Try searching at --Jayron32 04:03, 2 November 2009 (UTC)

Explain What Lady Gaga's Paparazzi Video is About[edit]

I understand the first 3 minutes of the Lady Gaga paparazzi video and even the last minute where she kills her "boyfriend" and turns herself in and is vindicated. What is the purpose of the middle three or so minutes with the dead models and the make-out, toching, licking scene on the couch with three punky/glam guys. I don't see any relevamce in these scenes. Can someone please explain.

Confused —Preceding unsigned comment added by (talk) 03:55, 2 November 2009 (UTC)

Does it need a greater relevance than "sexy looking people doing sexy things"? --Jayron32 04:04, 2 November 2009 (UTC)
We do have the article...It does make some mention of the video's meaning. Vimescarrot (talk) 13:27, 2 November 2009 (UTC)
"We're plastic but we still have fun" is an apparent key line. Beyond the fame/celebrity theme, the video seems to also hint at Princess Diana, Paris Hilton and maybe even Stephen King's Misery. Pepso2 (talk) 14:18, 2 November 2009 (UTC)

One hit wonders[edit]

The term "One hit wonder" is usually applied to musical artists. Is there a similar thing in TV series? ie. A producer, writer or actor who came from nowhere, was involved in one very successful TV series (shown on US/Canadian/UK channels), and then who disappeared back into obscurity. Astronaut (talk) 11:07, 2 November 2009 (UTC)

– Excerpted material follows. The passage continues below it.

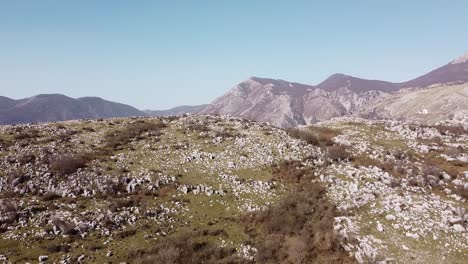 Aerial-landscape-view-above-an-italian-village,-surrounded-by-mountains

I can't think of an example at the moment but I've heard the phrase used in other fields besides just music. Dismas|(talk) 11:11, 2 November 2009 (UTC)
How about The Flash (1990-91)? It's one of the titles on this list of TV's One-Hit Wonders: This next one doesn't fit the question, but somewhat related: You're in the Picture was a 1961 game show so bad that Jackie Gleason came on the second week and apologized. Pepso2 (talk) 14:56, 2 November 2009 (UTC)
I saw a clip of that show once. It wasn't really such a bad concept, it's just that the participants (other than Gleason) seemed to have no idea what the concept was. That was kind of the flip side of the one-hit wonder, more like a one-bomb clunker. This is film, not TV, but Michael Cimino comes to mind as a director who made one acclaimed film, then one disaster, and then couldn't buy a job, even if it was bringing coffee to other directors. Among film actors, Harold Russell comes to mind, a guy who won an Academy Award for his only film (except for one he did late in life, I think). That was a special case, though. Then there are the classical composers known for just one thing, such as Pachelbel's Canon, as was discussed here recently; or, to a significant extent, Bizet's opera Carmen. But that's music again. Child actors start coming to mind, like Jon Provost in Lassie or Jay North in Dennis the Menace. ←Baseball Bugs What's up, Doc? carrots→ 01:14, 3 November 2009 (UTC)
Harold Russell won a competitive Oscar and was also awarded an honorary Oscar for the same role, the only such case in Oscar history. -- JackofOz (talk) 06:24, 3 November 2009 (UTC)
I think the book "Hollywood Economics" gives some statistics which shows that being a WHW is the norm for film directors for example - most of them only ever make one movie. A smaller number make two movies, and directors who make several movies are rare. As far as I recall the statistics indicate that just a purely random process is at play, rather than past experience making future work more likely (except to a small extent for the very rare multi-film directors). I believe the same thing happens with TV. I expect its the same for actors. There are more people willing to do the work than are required, hence on average they have very short careers. I've known two people who have been in mainstream film and tv - and they both had very brief careers, and were disapointed/depressed when their careers faded away, and now do unrelated low-paid mundane jobs. (talk) 13:18, 3 November 2009 (UTC)
Not a movie, but a book. Harper Lee wrote and published exactly one book, To Kill a Mockingbird. Aside from a smattering of magazine articles, its literally all she ever wrote, but having won the Pulitzer Prize and being one of the most celebrated works of 20th century American literature, its quite a doozy. --Jayron32 22:05, 4 November 2009 (UTC)
That's an example of almost literally a one work wonder, in addition to being a one-hit wonder. Compare that with Margaret Mitchell, who did write other stuff, but is really only remembered for Gone With the Wind, hence she qualifies as a one hit wonder. ←Baseball Bugs What's up, Doc? carrots→ 22:19, 4 November 2009 (UTC)
FWIW, one of the big, big names in early science fiction was pretty much a one-work wonder, as far as writing was concerned, anyway: Hugo Gernsback - he wrote just one short but hugely influential novel, but then went on to become the science fiction editor, after whom the Hugo Awards are named. Grutness...wha? 00:14, 5 November 2009 (UTC)

Jai-alai Definition[edit]

To whom it may concern:

I have a question that I hope you will be able to help me with. It involves an addition the definition the Jai-alai.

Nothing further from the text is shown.